Berners-Lee On The Semantic Web

Parsing natural language into semantics by streetmentioner · 2001-04-10 16:36 · Score: 4

Some systems exist to extract facts from language into semantic knowledge representations, and they're surprisingly good.

SNOWY is a system that "reads" the World Book Encyclopaedia and stores each fact about a concept into a hierarchic memory based on that concept. It's sufficiently sophisticated to be able to realise that "The bear digs up the nut" implies that the bear eats the nut, while "The miner digs up the coal" doesn't imply that. You can then ask it "what eats nuts" and it will reply correctly. (At least, this is my impression - I haven't used it, sadly.) As I remember it can fully understand 50-60% of the sentences in the bits of the encyclopaedia that it has been commanded to parse.

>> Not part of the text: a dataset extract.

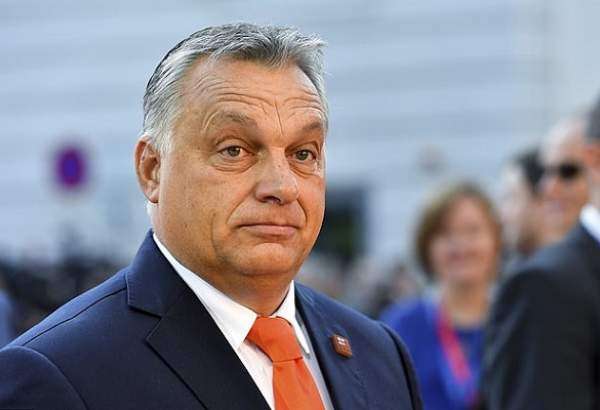 رئیس الوزراء المجري: تزايد عدد المسلمین في أوروبا الغربية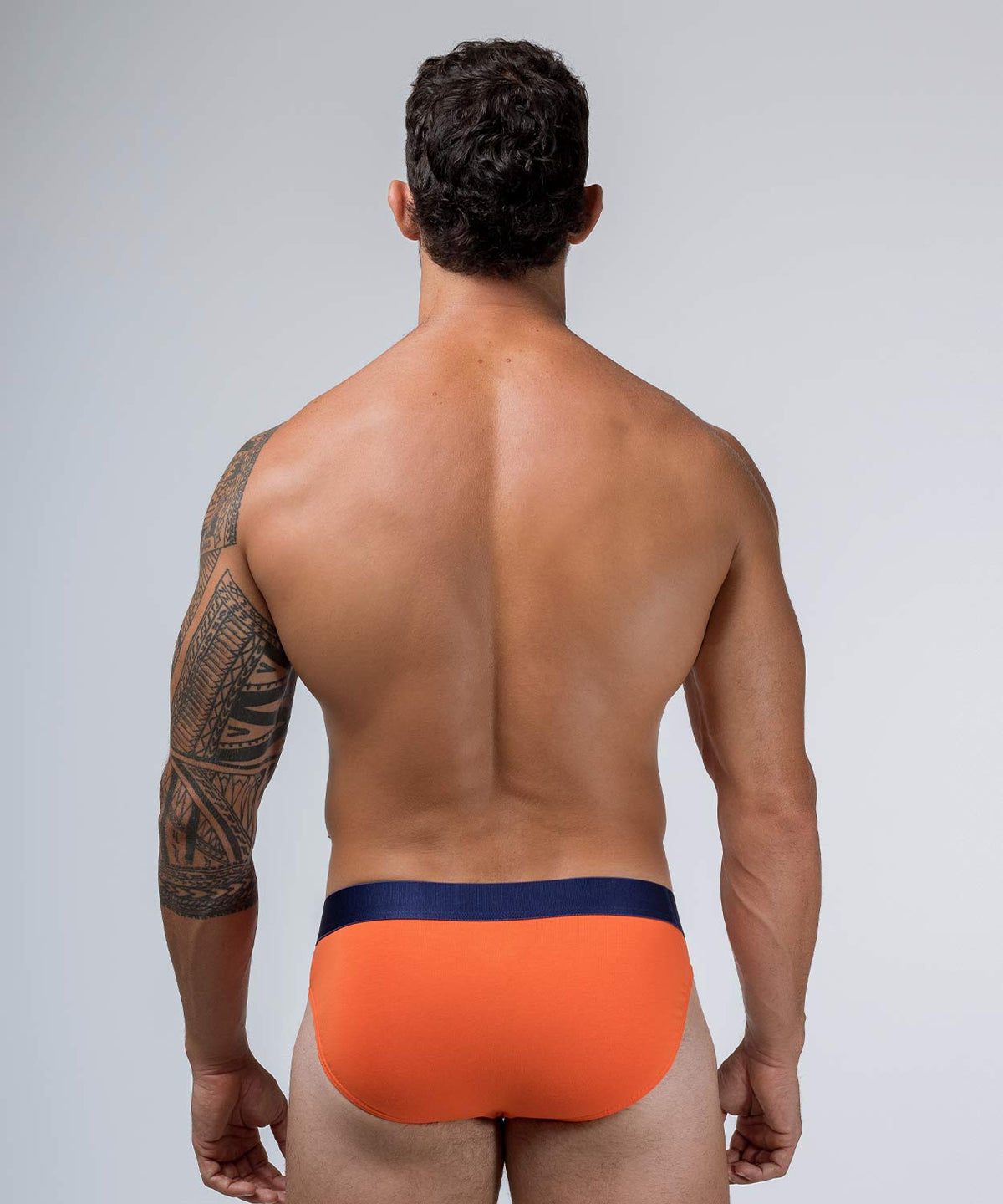 Brief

The language it works on is fairly simple, but is nevertheless text designed for humans as opposed to computers. Systems like this could be a good bridge between language and semantic based representations.

This is the best link I can find, unfortunately.

There are also, of course, dozens of systems designed to work on English text that has been specifically created to be computer-parsable, but still readable by humans.

I'm incredibly sceptical about all this sort of technology, but if the systems continue to evolve, the agents might be able to glean much of their knowledge from existing web pages.

Rational Programming vs Semantic Web by Baldrson · 2001-04-10 16:58 · Score: 4

As I posted to Slashdot a year ago on the topic:

The future of the Internet is in what I call "rational programming" derived from a revival of Bertrand Russell's Relation Arithmetic. Rational programming is a classically applicable branch of relation arithmetic's sub theory of quantum software (as opposed to the hardware-oriented technology of quantum computing). By classically applicable I mean it is applies to conventional computing systems -- not just quantum information systems. Rational programming will subsume what Tim Berners Lee calls the semantic web. The basic problem Tim (and just about everyone back through Bertrand Russell) fails to perceive is that logic is irrational. John McCarthy's signature line says it all about this kind of approach: "He who refuses to do arithmetic is doomed to talk nonsense." More on this a bit later, but first some history, because he who fails to learn from history is doomed to repeat its nonsense:

When I invented the precursor to Postscript (an audacious claim that I can back up -- it started as a replacement for NAPLPS which I proposed while Manager of Interactive Architectures for Viewdata Corp of America back in November of 1981 -- the Xerox PARC guys found my approach of what they called a "tokenized Forth" communication protocol to be an intriguing way to encode text and graphics), I was interested in having a Forth virtual machine migrate into silicon (ala Novix) so it could evolve from mere graphics rendering into a distributed Smalltalk VM environment (ala Squeak) as videotex terminal/personal computer capacities increased. But I was _not_ interested in object-oriented programming as the long-term semantics of distributed programming environments. (I still have some of the hardcopy of the communiques with Xerox PARC and others from this period.)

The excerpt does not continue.